> **EXERCISE REQUIREMENTS**: Everything from the line with "Kapa Matte Magnetic" to the end of the entries should be set down exactly, except the pictures.

> **DATA PROVIDED**:

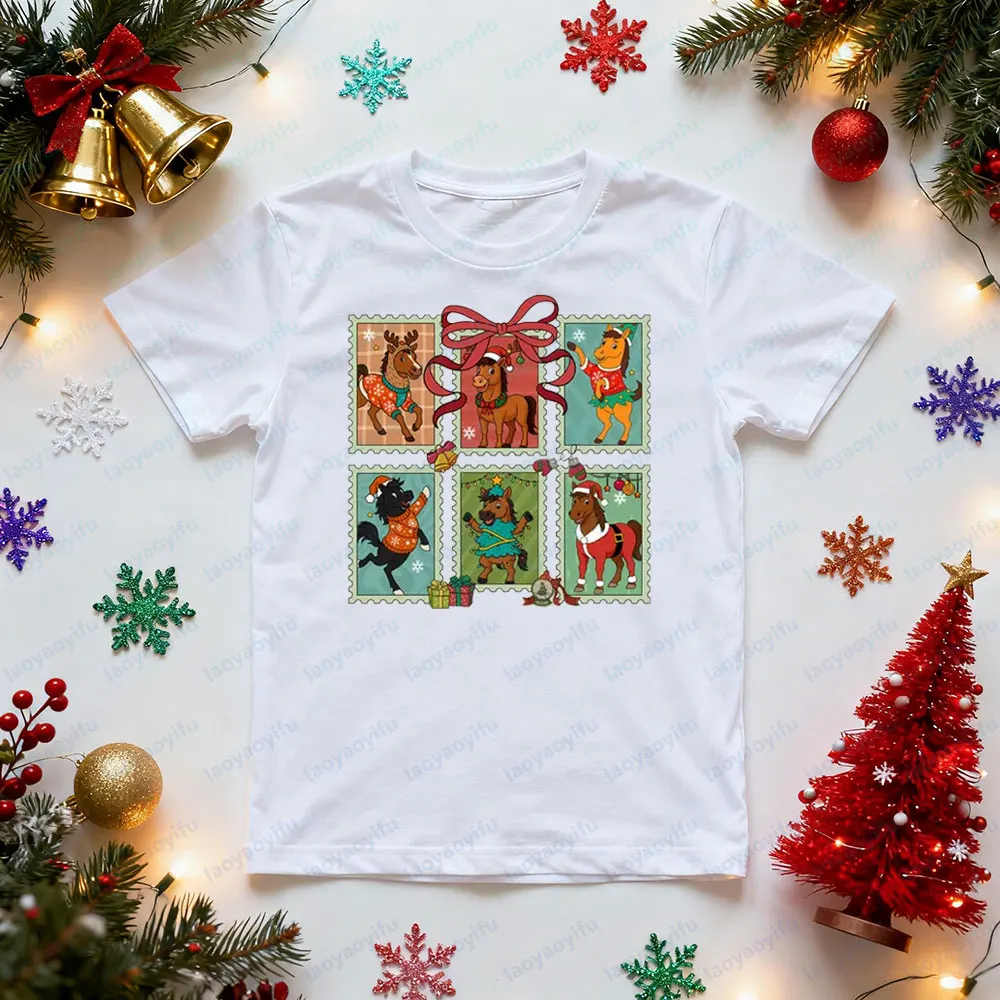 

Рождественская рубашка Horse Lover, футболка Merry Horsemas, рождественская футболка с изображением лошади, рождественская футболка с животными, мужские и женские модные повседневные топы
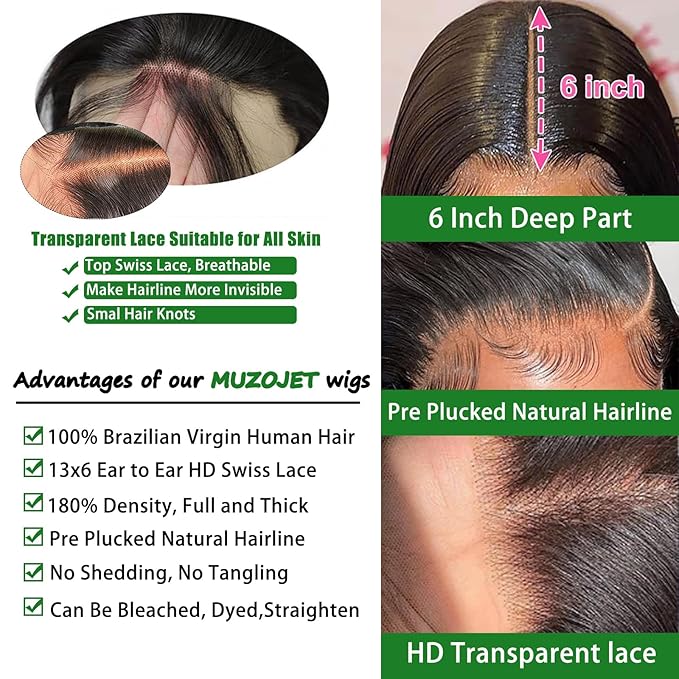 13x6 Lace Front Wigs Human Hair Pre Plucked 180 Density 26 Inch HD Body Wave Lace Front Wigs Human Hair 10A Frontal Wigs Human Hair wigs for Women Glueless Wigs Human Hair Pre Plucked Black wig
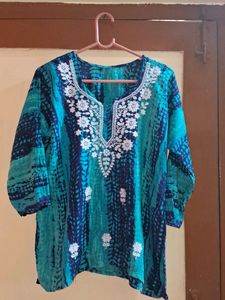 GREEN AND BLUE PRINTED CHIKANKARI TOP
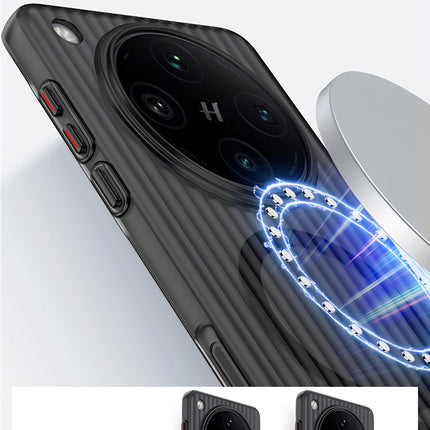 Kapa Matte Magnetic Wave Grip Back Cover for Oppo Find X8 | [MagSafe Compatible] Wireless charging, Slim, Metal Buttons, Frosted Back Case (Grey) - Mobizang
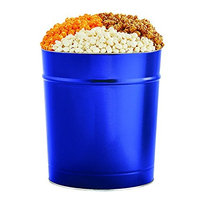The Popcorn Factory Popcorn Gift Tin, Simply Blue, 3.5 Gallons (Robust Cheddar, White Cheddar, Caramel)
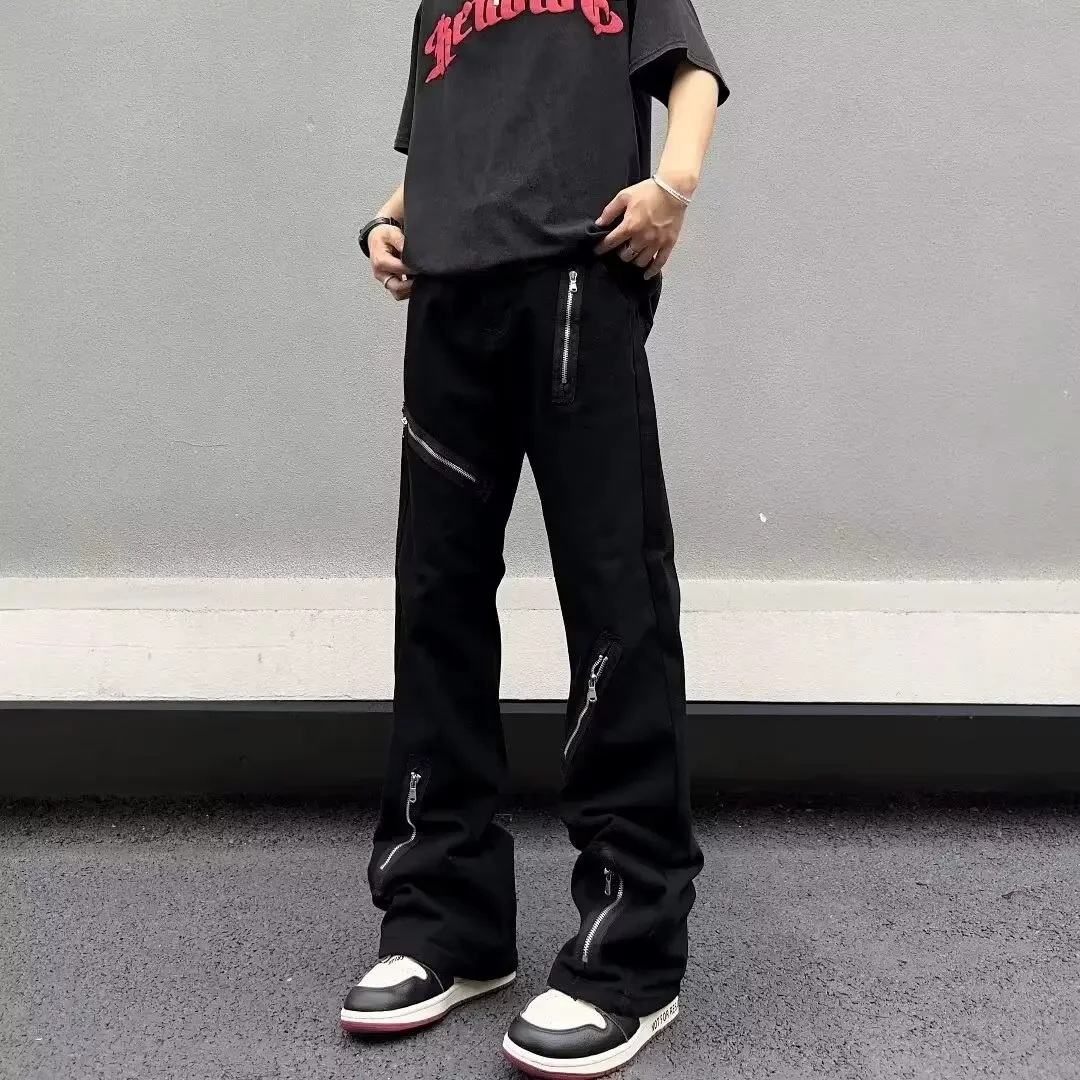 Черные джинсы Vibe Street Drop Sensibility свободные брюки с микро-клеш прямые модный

> **TASK ANSWER**:
 Kapa Matte Magnetic Wave Grip Back Cover for Oppo Find X8 | [MagSafe Compatible] Wireless charging, Slim, Metal Buttons, Frosted Back Case (Grey) - Mobizang
The Popcorn Factory Popcorn Gift Tin, Simply Blue, 3.5 Gallons (Robust Cheddar, White Cheddar, Caramel)
 Черные джинсы Vibe Street Drop Sensibility свободные брюки с микро-клеш прямые модный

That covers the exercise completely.